- _WHAT YOU NEED TO DO_:
Please retype every entry as written, and keep the pictures out.

*** PROVIDED MATERIAL Section Begins ***

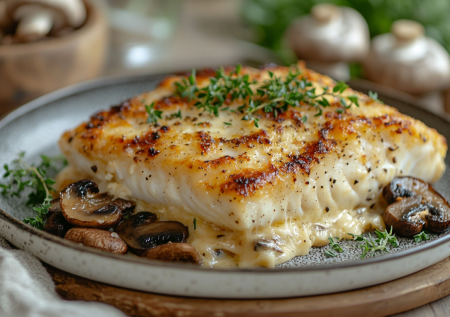 Минтай по-французски: нежнее мяса! Простой рецепт рыбки с сыром и грибами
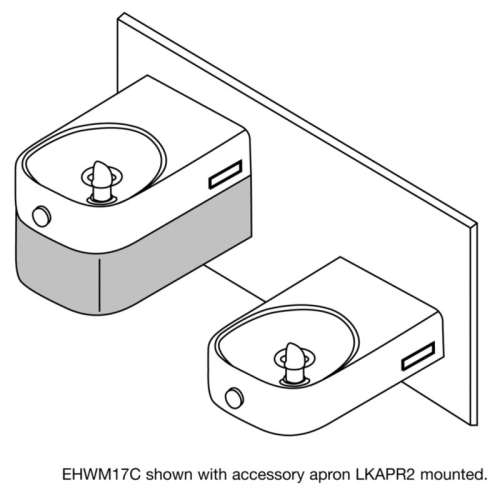 LKAPR2 Accessory - Cane Apron in Stainless Steel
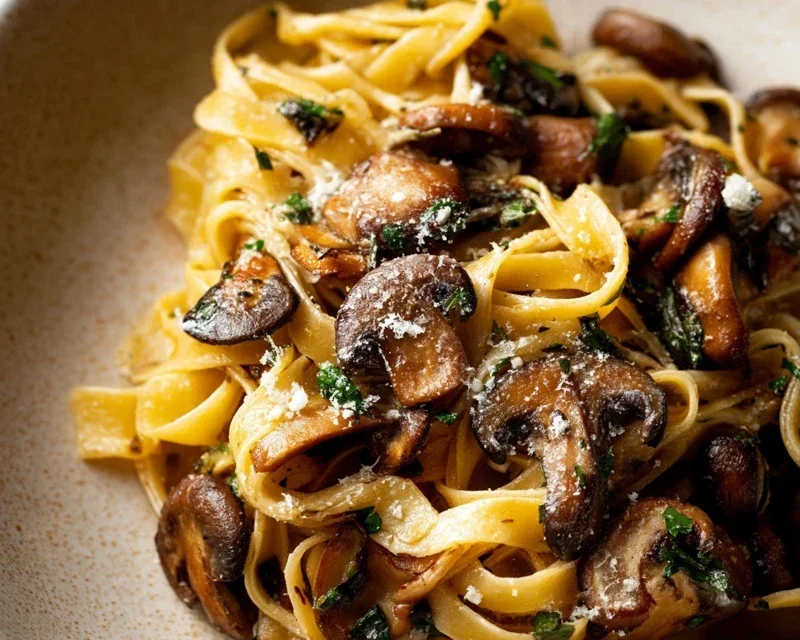 Garlic Mushroom Pasta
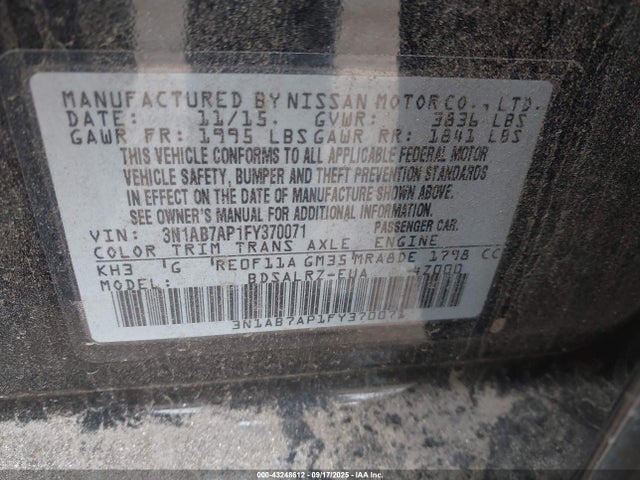 Nissan 2015 2015 3N1AB7AP1FY370071 Image 9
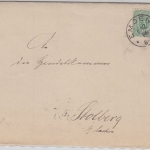 DR - 3 Pfg. Faltdrucksache Emden - Stolberg 1886 - ohne Inhalt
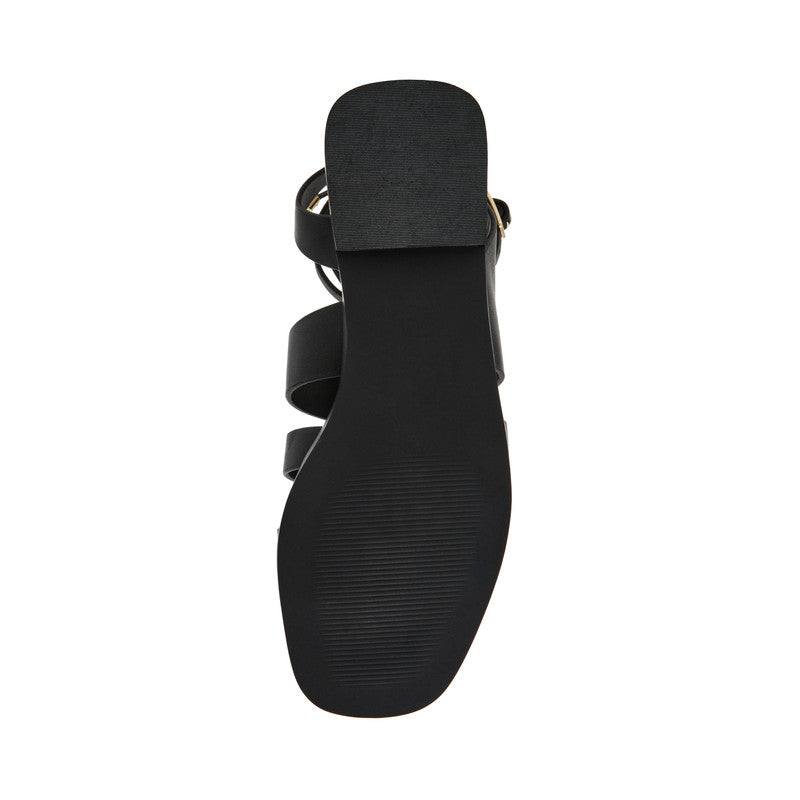 Bellevue Black Women's Flat Sandals - view 4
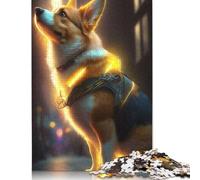 Puzzle Steampunk a forma di cane Corgi da 520 pezzi per adulti, puzzle antistress, regalo per adulti, per donne e uomini, 520 pezzi (52x38 cm)
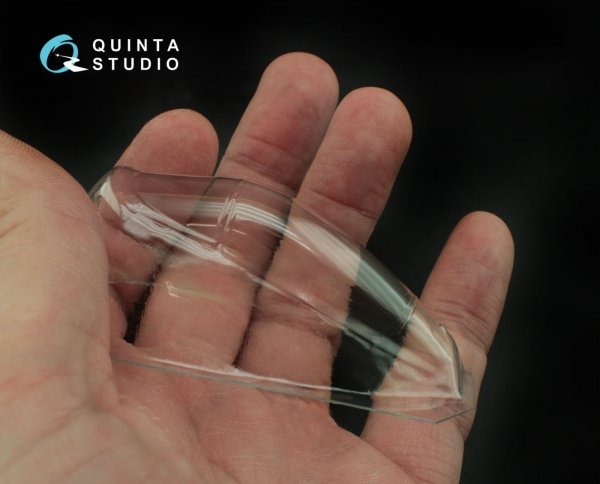 Quinta Studio QC48008 MiG-29 (All single seater version) vacuformed clear canopy (for GWH kits) 1/48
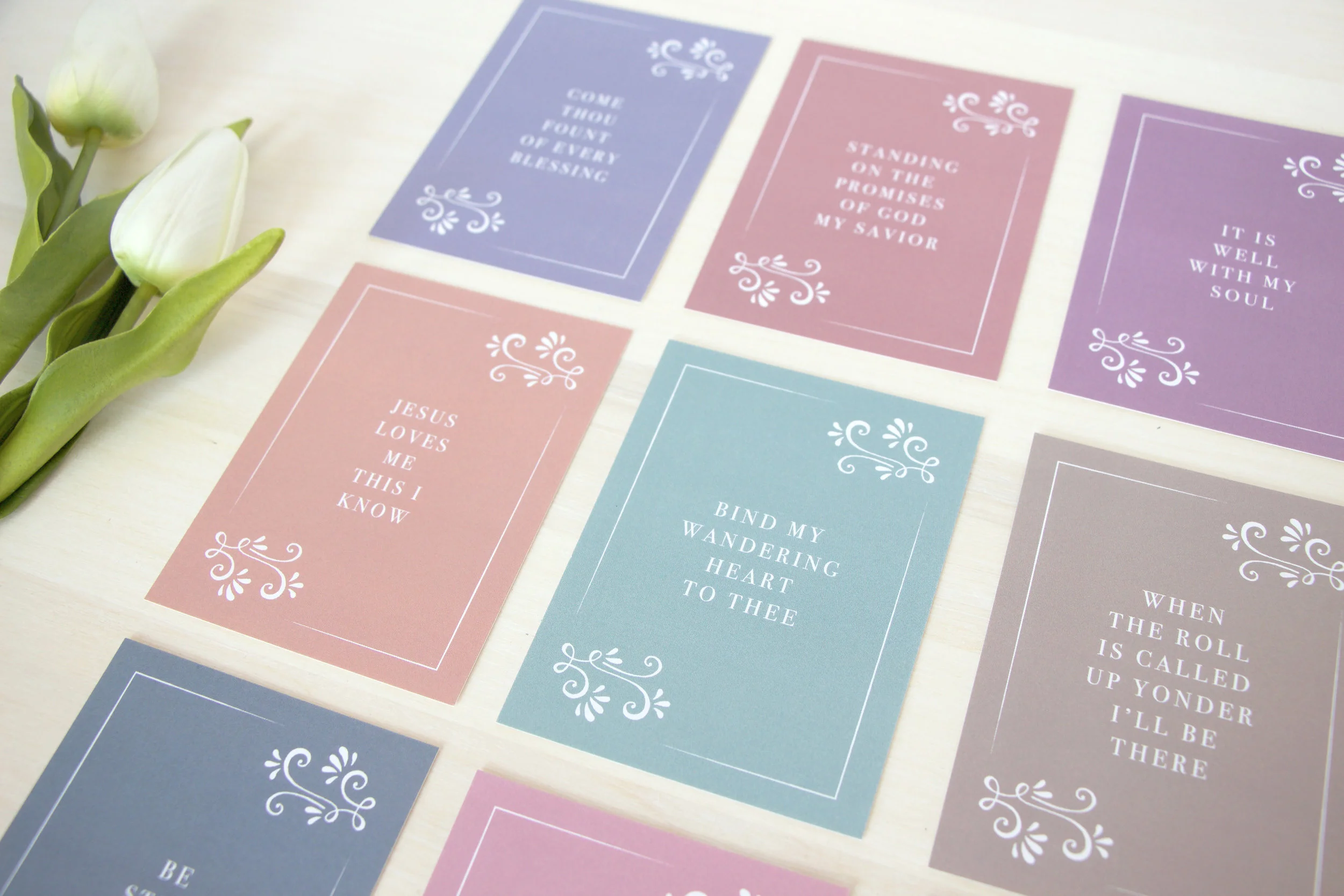Hymn Inspired Cards from Live Oak Boutique. www.liveoakboutique.com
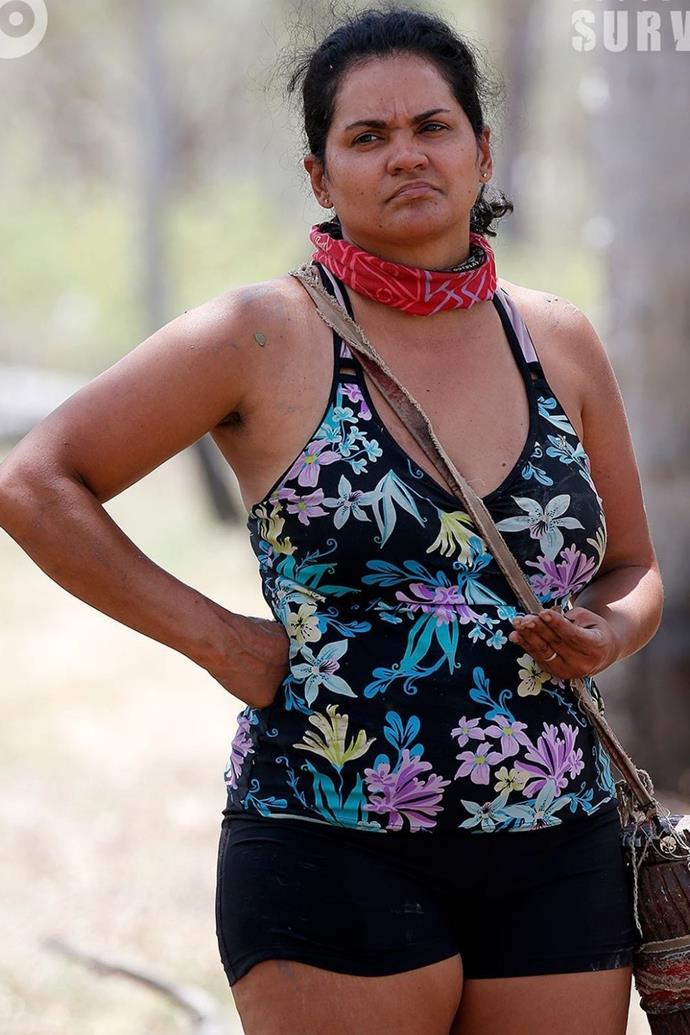 **Sandra**
<br><br>
The possibility of THIS Survivor getting eliminated was highly anticipated – if it were to happen at all!
<br><br>
After the season's toughest test, the two-time US Survivor winner Sandra Diaz-Twine was voted out by her tribemates and her daughter, Nina, in a savage twist.
<br><br>
However, perhaps fans should have seen the exit coming because Sandra has a "curse," which has seen her get eliminated on day 16 of the show, which is exactly what happened for the third time. 
<br><br>
A tribe swap saw the contestants reunite with their original playing partner after getting separated on the first day of the competition. Nina had promised her mum she wouldn't write down her name, but after Jonathan LaPaglia asked her about her alliance with Sandra, she was struggled to answer him, which made her mum suspicious. 
<br><br>
After her exit, Sandra revealed to *[New Idea](https://www.newidea.com.au/survivor-sandra-diaz-eliminated|target="_blank")* her true feelings about her daughter voting her off the show.
<br><br>
"There are no hard feelings at all, no hard feelings to Nina, none to Jordie, who was the mastermind of the episode. Not one bit!" she declared.
<br><br>
However, she wasn't so happy about failing to pass her 16th day.
<br><br>
"And I was not happy about it, I was dreading it and I was fearing for my life in the game.
<br><br>
"I could sense that something was wrong during Tribal. Every time I said something, everyone would say, 'Guys stick to the plan.' And I'm thinking, 'What plan? Oh my God, I am the plan!"
<br><br>
Even though she was annoyed leaving on such a low note, she told the publication that *Australian Survivor* contestants are kinder than the American players.  
<br><br>
"While the competitors are definitely nicer, they definitely value strength a lot more and what you bring to the table and what you can do for the tribe," Sandra explained.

*** PROVIDED MATERIAL Section Ends ***

- _OUTPUT FOR THIS EXERCISE_:
 Минтай по-французски: нежнее мяса! Простой рецепт рыбки с сыром и грибами
 LKAPR2 Accessory - Cane Apron in Stainless Steel
 Garlic Mushroom Pasta
 Nissan 2015 2015 3N1AB7AP1FY370071 Image 9
 DR - 3 Pfg. Faltdrucksache Emden - Stolberg 1886 - ohne Inhalt
 Bellevue Black Women's Flat Sandals - view 4
 Puzzle Steampunk a forma di cane Corgi da 520 pezzi per adulti, puzzle antistress, regalo per adulti, per donne e uomini, 520 pezzi (52x38 cm)
 Quinta Studio QC48008 MiG-29 (All single seater version) vacuformed clear canopy (for GWH kits) 1/48
Hymn Inspired Cards from Live Oak Boutique. www.liveoakboutique.com
 **Sandra**
<br><br>
The possibility of THIS Survivor getting eliminated was highly anticipated – if it were to happen at all!
<br><br>
After the season's toughest test, the two-time US Survivor winner Sandra Diaz-Twine was voted out by her tribemates and her daughter, Nina, in a savage twist.
<br><br>
However, perhaps fans should have seen the exit coming because Sandra has a "curse," which has seen her get eliminated on day 16 of the show, which is exactly what happened for the third time. 
<br><br>
A tribe swap saw the contestants reunite with their original playing partner after getting separated on the first day of the competition. Nina had promised her mum she wouldn't write down her name, but after Jonathan LaPaglia asked her about her alliance with Sandra, she was struggled to answer him, which made her mum suspicious. 
<br><br>
After her exit, Sandra revealed to *[New Idea](https://www.newidea.com.au/survivor-sandra-diaz-eliminated|target="_blank")* her true feelings about her daughter voting her off the show.
<br><br>
"There are no hard feelings at all, no hard feelings to Nina, none to Jordie, who was the mastermind of the episode. Not one bit!" she declared.
<br><br>
However, she wasn't so happy about failing to pass her 16th day.
<br><br>
"And I was not happy about it, I was dreading it and I was fearing for my life in the game.
<br><br>
"I could sense that something was wrong during Tribal. Every time I said something, everyone would say, 'Guys stick to the plan.' And I'm thinking, 'What plan? Oh my God, I am the plan!"
<br><br>
Even though she was annoyed leaving on such a low note, she told the publication that *Australian Survivor* contestants are kinder than the American players.  
<br><br>
"While the competitors are definitely nicer, they definitely value strength a lot more and what you bring to the table and what you can do for the tribe," Sandra explained.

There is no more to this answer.